Composition and Structure
Although we cannot see into these planets, astronomers are confident that the interiors of Jupiter and Saturn are composed primarily of hydrogen and helium. Of course, these gases have been measured only in their atmosphere, but calculations first carried out more than 50 years ago showed that these two light gases are the only possible materials out of which a planet with the observed masses and densities of Jupiter and Saturn could be constructed.
The deep internal structures of these two planets are difficult to predict. This is mainly because these planets are so big that the hydrogen and helium in their centers become tremendously compressed and behave in ways that these gases can never behave on Earth. The best theoretical models we have of Jupiter’s structure predict a central pressure greater than 100 million bars and a central density of about 31 g/cm3. (By contrast, Earth’s core has a central pressure of 4 million bars and a central density of 17 g/cm3.)
At the pressures inside the giant planets, familiar materials can take on strange forms. A few thousand kilometers below the visible clouds of Jupiter and Saturn, pressures become so great that hydrogen changes from a gaseous to a liquid state. Still deeper, this liquid hydrogen is further compressed and begins to act like a metal, something it never does on Earth. (In a metal, electrons are not firmly attached to their parent nuclei but can wander around. This is why metals are such good conductors of electricity.) On Jupiter, the greater part of the interior is liquid metallic hydrogen.
Because Saturn is less massive, it has only a small volume of metallic hydrogen, but most of its interior is liquid. Uranus and Neptune are too small to reach internal pressures sufficient to liquefy hydrogen. We will return to the discussion of the metallic hydrogen layers when we examine the magnetic fields of the giant planets.
Each of these planets has a core composed of heavier materials, as demonstrated by detailed analyses of their gravitational fields. Presumably these cores are the original rock-and-ice bodies that formed before the capture of gas from the surrounding nebula. The cores exist at pressures of tens of millions of bars. While scientists speak of the giant planet cores being composed of rock and ice, we can be sure that neither rock nor ice assumes any familiar forms at such pressures and temperatures. Remember that what is really meant by “rock” is any material made up primarily of iron, silicon, and oxygen, while the term “ice” in this chapter denotes materials composed primarily of the elements carbon, nitrogen, and oxygen in combination with hydrogen.

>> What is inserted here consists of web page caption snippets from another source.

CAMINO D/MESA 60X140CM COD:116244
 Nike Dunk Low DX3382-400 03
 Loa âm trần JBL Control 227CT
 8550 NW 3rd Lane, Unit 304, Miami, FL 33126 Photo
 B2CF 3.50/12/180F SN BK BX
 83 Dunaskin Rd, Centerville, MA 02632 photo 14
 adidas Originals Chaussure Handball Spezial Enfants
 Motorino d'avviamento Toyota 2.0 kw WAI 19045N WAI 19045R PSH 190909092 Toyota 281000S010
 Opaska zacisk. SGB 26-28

Figure 11.7 illustrates the likely interior structures of the four jovian planets. It appears that all four have similar cores of rock and ice. On Jupiter and Saturn, the cores constitute only a few percent of the total mass, consistent with the initial composition of raw materials shown in Table 11.1. However, most of the mass of Uranus and Neptune resides in these cores, demonstrating that the two outer planets were unable to attract massive quantities of hydrogen and helium when they were first forming.
Internal Heat Sources
Because of their large sizes, all the giant planets were strongly heated during their formation by the collapse of surrounding material onto their cores. Jupiter, being the largest, was the hottest. Some of this primordial heat can still remain inside such large planets. In addition, it is possible for giant, largely gaseous planets to generate heat after formation by slowly contracting. (With so large a mass, even a minuscule amount of shrinking can generate significant heat.) The effect of these internal energy sources is to raise the temperatures in the interiors and atmospheres of the planets higher than we would expect from the heating effect of the Sun alone.
Jupiter has the largest internal energy source, amounting to 4 × 1017 watts; that is, it is heated from inside with energy equivalent to 4 million billion 100-watt lightbulbs. This energy is about the same as the total solar energy absorbed by Jupiter. The atmosphere of Jupiter is therefore something of a cross between a normal planetary atmosphere (like Earth’s), which obtains most of its energy from the Sun, and the atmosphere of a star, which is entirely heated by an internal energy source. Most of the internal energy of Jupiter is primordial heat, left over from the formation of the planet 4.5 billion years ago.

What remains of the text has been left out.